As I type this I can hear the noise from a large family going past my house, they have several older children and a toddler and a baby in a buggy. Does anyone agree with me that 10.20pm in much too late for small children to be out and the family should taylor its outings to fit in with the babies. They wont be little for ever.

My DDs FIL recently said that they should take the little one out at night and just let her fall asleep in her buggy, DD was so angry at this suggestion as they only go out at night if they have a babysitter.

Young families nowadays seem to be more lax with their bedtime rules than my generation was, does anyone agree

marfin41 Sun 23-Aug-15 14:59:21

janeainsworth I don't see anything wrong at all with stay at home moms wanting the evening to themselves and hubby's. I know i did as much as I loved my kids . If you work that's entirely different and school holiday rules are different to term time IMHO. But each family should do what is right for them.

Nandalot Sun 23-Aug-15 15:38:08

i agree that children should have regular and fairly early bed times. If you look at the sleep requirements for children, they are quite high, but I don't think the odd late night on a special visit/occasion is too much of a problem.

3 of my GC live in Spain and have a Spanish mother and they go to bed very late. To be fair it is incredibly hot in the summer. They phoned yesterday and said it was quite cool only 25+. It is usually 30+ to 40. The only time it is pleasant to be out and walking is early or late. They also eat late too. 8 pm or later. However, I have never understood why the don't change the routine in the winter.

2 GC in England go to bed between 7 -7.30. They are twins but one is an owl, usually not asleep before 9 and the other a lark.

ajanela Mon 24-Aug-15 08:18:28

Tahith, I agree with you. In Europe it is a completely different culture. Children socialise with the family and grow up closer to their family. The family that eats together, stay together. There are other times to catch up on sleep than at night.

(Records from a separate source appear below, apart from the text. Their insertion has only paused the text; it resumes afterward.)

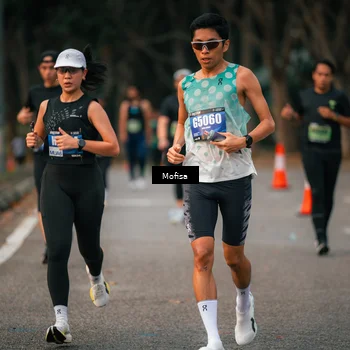 Runner Photo 5720061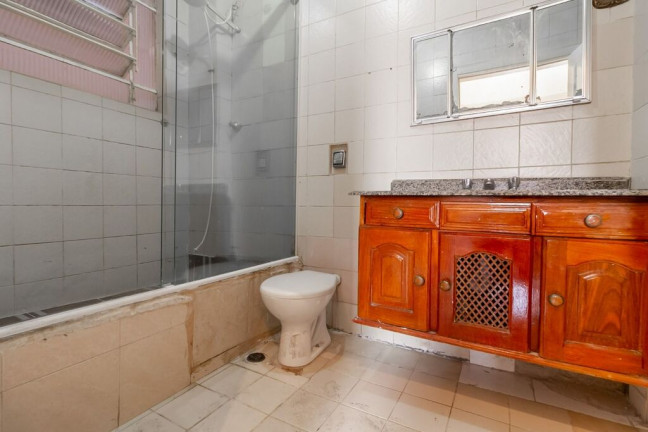 Imagem Apartamento com 2 Quartos à Venda,  em República - São Paulo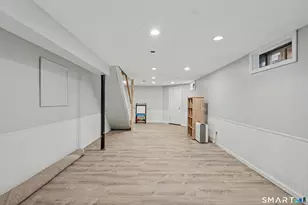 1941 Moose Hill Rd, Guilford, CT 06437 - Photo 31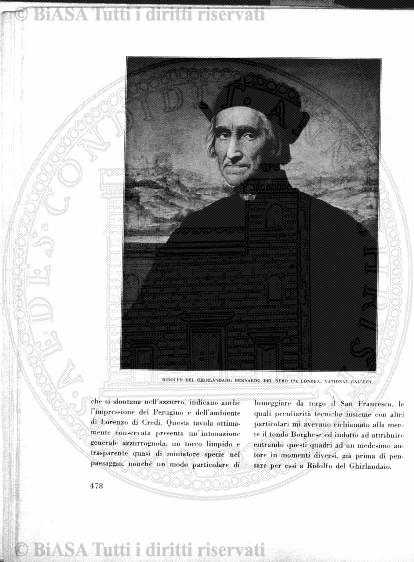 v. 15, n. 20 (1848-1849) - Pagina: 153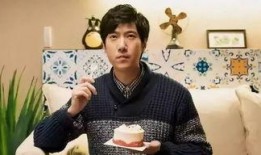 常远爆料事实最新消息视频,揭秘事实真相，视频内容深度解析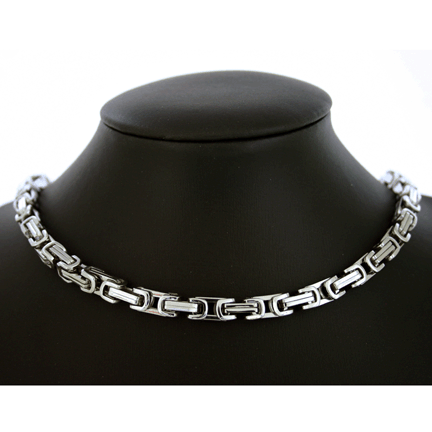 Necklace - NSM63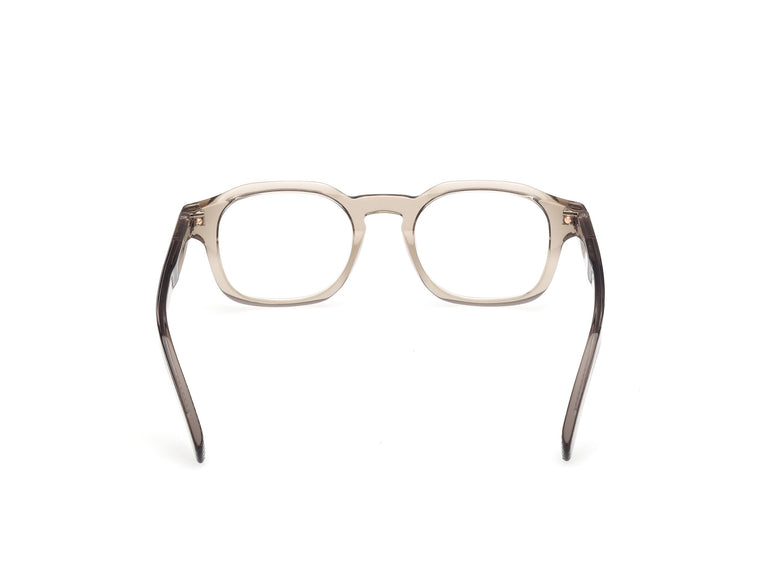 Zegna EZ5293 048 49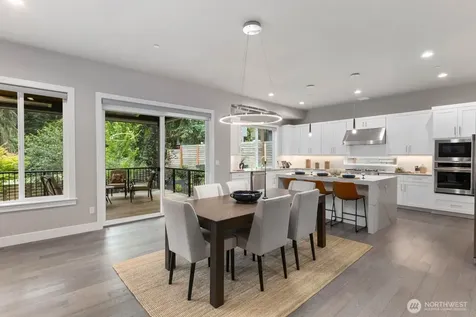 22005 4th Avenue W Bothell WA 98021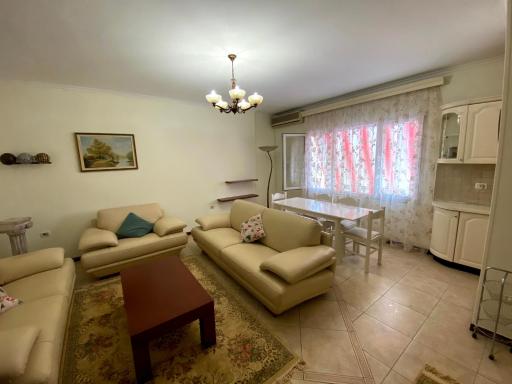 Lindi ‘s home - Housity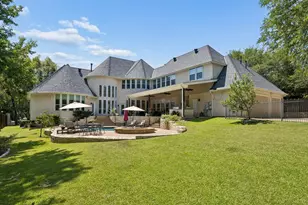 902 Independence Pkwy, Southlake, TX 76092 - Photo 37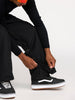 Volcom Kleveland Pants Winter 2026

Eloethan Mon 24-Aug-15 12:25:42

I'm not sure but I think in some other European countries the school day starts earlier and finishes earlier and so presumably the children can go home and have a nap. In the UK the school day generally finishes between 3 and 3.30 so if children have gone to bed very late they are likely to be quite tired in the afternoon and to find it more difficult to concentrate.

It seems to me that an earlier school start might be better, although apparently research shows that teenagers in particular benefit from a late school start because they are more alert and focused later in the day. I wonder about this. My friend at school came from Germany and when she lived there she had to start school at, I think, 8 a.m. She also finished much earlier. Educationally, she was far in advance of me and didn't seem to have suffered at all under the early start regime.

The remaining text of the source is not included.